One other area where plasma beats LCD is in black reproduction. Plasma pixels can be set to emit no light at all, so offer levels of actual blackness, as opposed to a very dark grey. They also tend to be better when it comes to the high-octane stuff, delivering fast movement with few onscreen gaffes. There are downsides too, though. Flicker is a problem with plasma screens and if you are the kind of person who watches one channel continuously the effect of ‘screen burn’ can be a real problem, especially with the prevalence of those annoying channel logos in the corners of screens...

BUY A PLASMA IF...

You like dark movies
If you are fan of moody epics, plasma is the one for you. Its deep blacks allow you to enjoy the action without constantly tutting at the intrusive grey edges.

You want more for less
Who doesn’t want to get the most for their money? Plasma screens generally offer a significantly better inch-to-pound ratio than LCD.

You live in a big house
Plasma screens tend to start at 42 inches and go up to 60 and above. So you’ll need space between you and the screen to avoid blowing your mind and getting massive brain-aches all the time.

RECOMMENDATIONS

If you want big and you want best take a glance at the eye-popping flat screens that are whetting our appetite for HD...

LCD Philips Cineos 42PF9731D
£2,500
www.philips.co.uk

This 42-inch screen represents the best LCD has to offer. It boasts crystal-clear images that are some of the best we’ve ever seen when it comes to high-definition footage. Plus, there’s that wacky Ambilight technology, which reflects the colours from the screen onto the wall behind the set, making everything look bigger and er, ‘relaxing’ your eyes into the bargain.
WE WANT ONE BECAUSE: Ambilight rocks our world. Really!

LCD Sharp LC-32GD8
£600
www.sharp.co.uk

Sharp was one of the first companies to dump plasma in favour of an all-LCD line up, and this 32-inch set really shows just how affordable LCD can be. It may be reasonably light on frills, but it’s HD Ready certified, and as an entry-level HD screen it offers exceptional value.
WE WANT ONE BECAUSE: it’s HD without busting the bank.

LCD Sony KDL-40W2000
£1,250
www.sony.co.uk

This LCD set offers pretty much the best size-to-price ratio out there. It’s a rather unusual 40-inch size that dishes out great pictures, and even offers such considerate niceties as a light sensor so you can adjust the backlight for optimum viewing, as well as a pair of those all important HDMI slots.
WE WANT ONE BECAUSE: it’s blinding with Blu-ray discs.

PLASMA Hitachi P50T01
£1,500
www.hitachidigitalmedia.com

Hitachi has long been at the forefront of affordable high-definition televisions and this 50-inch plasma is no exception. For your money you get a stylish-looking set with an impressive 1280x1080 resolution panel, ideal for 1080p movies, and two HDMI connections to hook up your hi-def boxes. It offers impressive value, and is great for watching blood-pumping action movies.
WE WANT ONE BECAUSE: it’s action-movie HD heaven!

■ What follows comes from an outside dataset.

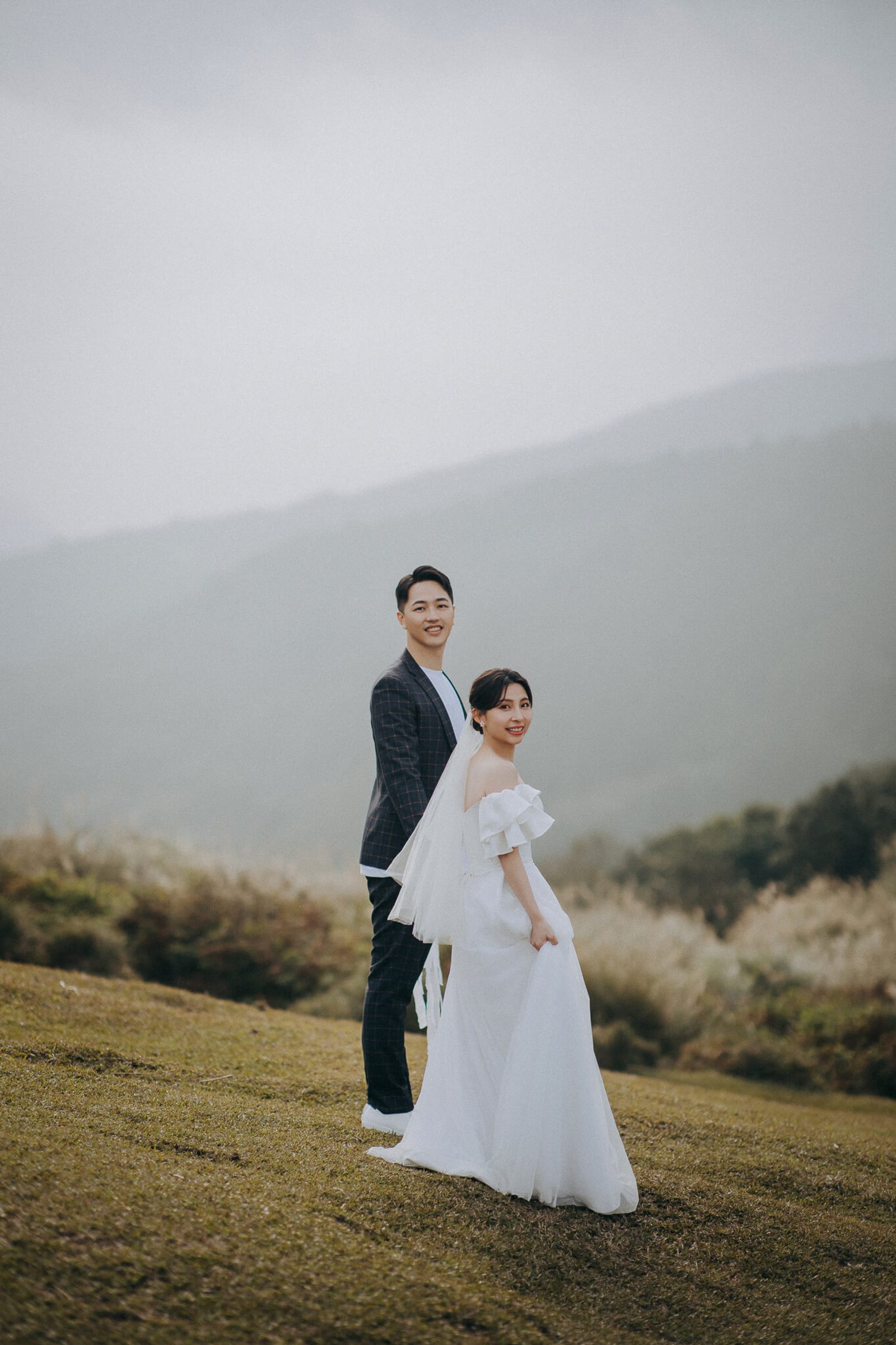 愛情婚紗 / Neil & Nora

PLASMA Panasonic TH50PH9BK
£1,600
www.panasonic.co.uk

Panasonic got the look of its Viera range of TVs spot on. The stylish, almost curved design, the subtle touches... these screens are a marvel to behold. The really good news is that this 1080i set has the on-screen magic working as well, and movies are piped out with amazing clarity and a naturalness of colour that few others can match.
WE WANT ONE BECAUSE: it’s just so beautiful.

Tips in this guide originally came from our chums over on DVD Review magazine, so be sure to give them a wave. Check back next week for the final part of this feature, when we'll be looking at how to upscale standard DVDs, and which new high-def discs are worth spending your money on.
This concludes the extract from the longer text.